Figure 6. Loss of unc-70 function impairs touch sensitivity, but not synthetic light sensitivity.

a–d, Touch response in wild-type and unc-70 mutants.

a, Schematic of the assay used to measure touch sensitivity⁴¹ and ethogram of touch responses in wild-type (N2). Rows represent individual worms, columns are trials, and black tics indicate a stimulus-evoked reversal. (Gray tics indicate trials that failed to elicit a detectable response.)

b, Ethogram of unc-70(n493) and unc-70(e524) mutant animals.

c, Average touch response as a function of genotype. Bars are mean ± s.d., numbers on each bar shown the number of animals tested blind to genotype during four assay sessions; inset shows p values derived from a U-test.

d, Average response rate in transgenic animals with TRN-specific defects in spectrin function (TRN::SPC-1(dn)) or hypodermis-specific expression of wild-type UNC-70. Bars are mean ± SD, numbers on each bar show the number of animals tested blind to genotype during n=2 or n=4 assay sessions for TRN::SPC-1(dn) and unc-70; HYPO::UNC-70(+) transgenics, respectively; inset shows p values derived from a U-test.

e–g, Light-induced reversal in transgenic animals expressing ChR2 selectively in the TRNs (TRN::ChR2).

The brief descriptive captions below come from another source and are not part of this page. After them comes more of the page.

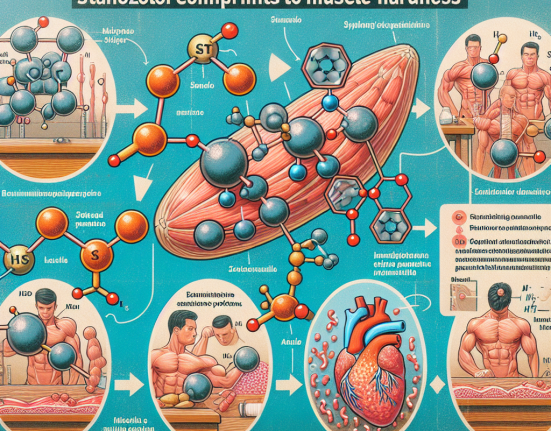 Wie Stanozolol zur Verbesserung der Muskelhärte beiträgt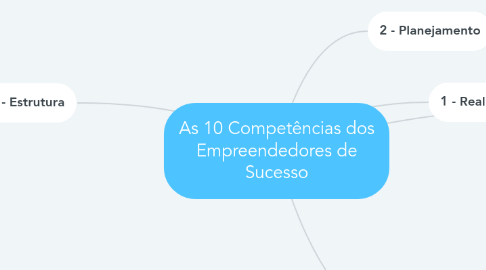 Mind Map: As 10 Competências dos Empreendedores de Sucesso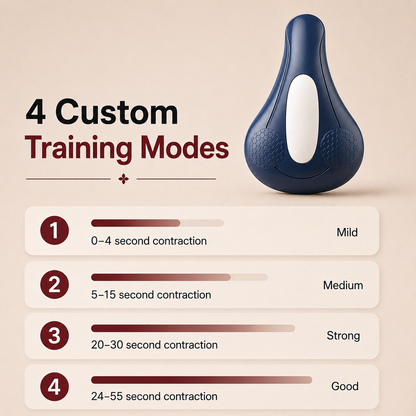 Pelvic Force Strength Training System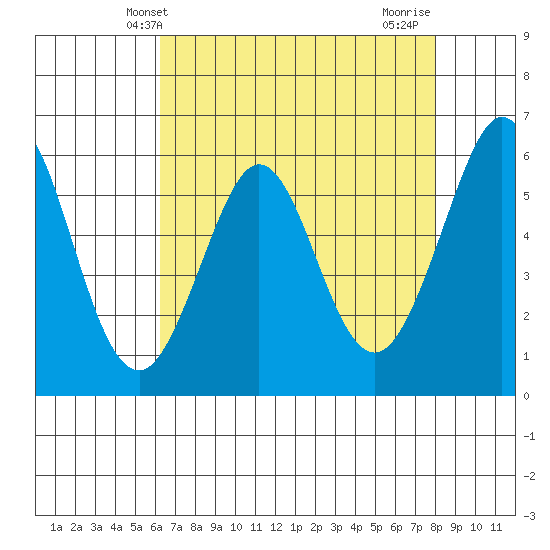 San Francisco Bay tide chart for Tuesday, April 28, 2026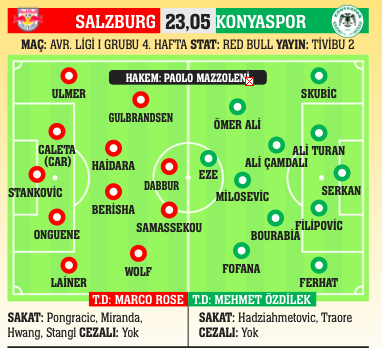 UEFA Avrupa Ligi'nde zor bir gece bizi bekliyor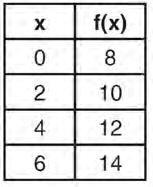 set of all y values that make x = 0 3) the set of all ordered pairs, (x,y), that make the equation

e, Schematic of optogenetic stimulation.

f, Ethogram of the response of TRN::ChR2 control animals to blue light in presence (left) and absence (right) of all-trans retinal, ATR.

g, Average light response in control and unc-70 mutants grown in the presence (green, blue bars) or absence of ATR (gray bars) and stimulated with brief (1s) light pulses of 0.48 mW·mm⁻². Bars are mean ± SD, number of animals tested during n=2 independent assay sessions is indicated near each bar; inset shows p values derived from a Mann-Whitney U-test.